La cocktail renaissance si sarebbe affermata anche senza il Milk & Honey, però l’avrebbe fatto più lentamente e, forse, con maggiore difficoltà. Questo leggendario bar ha dato un impulso fondamentale al ritorno dei cocktail classici e al nuovo trend degli speakeasy, diventando l’esempio da seguire per un’infinità di locali nel mondo.
La nascita del Milk & Honey
Tutto inizia grazie a un luogo, un anno e un nome. Il luogo è il Lower East Side di New York City. Siamo nei mesi che precedono la fine del 1999, e Sasha Petraske sta mettendo a punto il progetto che sogna da tempo. L’apertura al pubblico avviene il 31 dicembre 1999.
Nella storia della mixology esiste un prima e un dopo questa data. Presto si capisce che il Milk & Honey è radicalmente eccentrico rispetto al grosso dei bar del tempo. Gli avanguardisti della cocktail renaissance iniziano a frequentarlo, mentre il pubblico più curioso lo elegge a meta irrinunciabile. Il successo porta all’apertura di una filiale a Londra, nel quartiere di Soho (2002).
Qualche anno più tardi, nel 2009, la prima edizione di The World’s 50 Best Bars conferma l’assoluta eccezionalità del Milk & Honey: al primo posto della lista compare la sede di Londra, al secondo quella di New York. Tutti gli altri a seguire, ammirando da lontano il faro del bere di qualità.

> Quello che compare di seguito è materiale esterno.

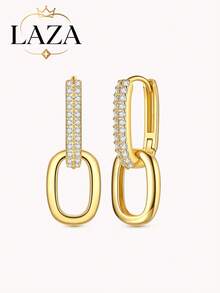 1 Pair Original 925 Sterling Silver Women's Earrings With 18K Gold Plating Double Circle Design, Shiny Cubic Zirconia, Elegant Fine Jewelry Gift - Gold - View 2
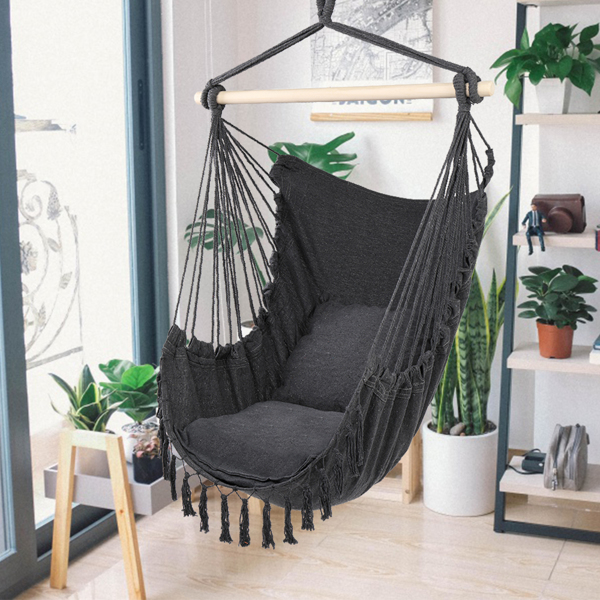 1.5*1.2m Tassel Plus Pillow Hanging Chair Gray 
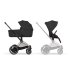 Carucior 2 in 1 pentru copii Cybex E-Priam Comfort, electric, premium, Sepia Black cu cadru Rosegold - 2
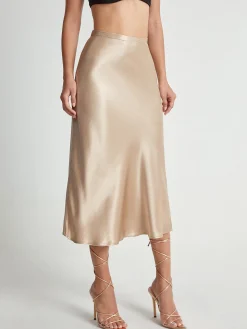 High Waisted Satin Flowy Midi Skirt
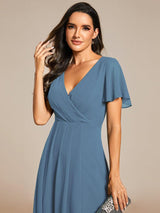 ever LARK|Ruffles Sleeve Pleated V-Neck A-Line Midi Chiffon Wedding Guest Dress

Il ritorno dei cocktail classici
Per comprendere appieno l’importanza del Milk & Honey bisogna tenere conto di un fatto: il Proibizionismo (1920-1933) aveva inferto un durissimo colpo alla cultura dei cocktail, favorendo l’affermazione di distillati e miscelati dozzinali.
Nel libro The Fine Art of Mixing Drinks, scritto da David Embury, si legge che in quegli anni i liquori erano “talmente cattivi” che “lo scopo principale della miscelazione di un cocktail era di aggiungere abbastanza zucchero e abbastanza ingredienti aromatizzati da rendere sopportabile l’intruglio che ne risultava”. La fine del Proibizionismo non aveva cancellato le cattive abitudini: ancora negli anni Novanta la scena newyorkese era piuttosto rozza. Ciò che contava era sbronzarsi il più in fretta possibile, poco importa con cosa.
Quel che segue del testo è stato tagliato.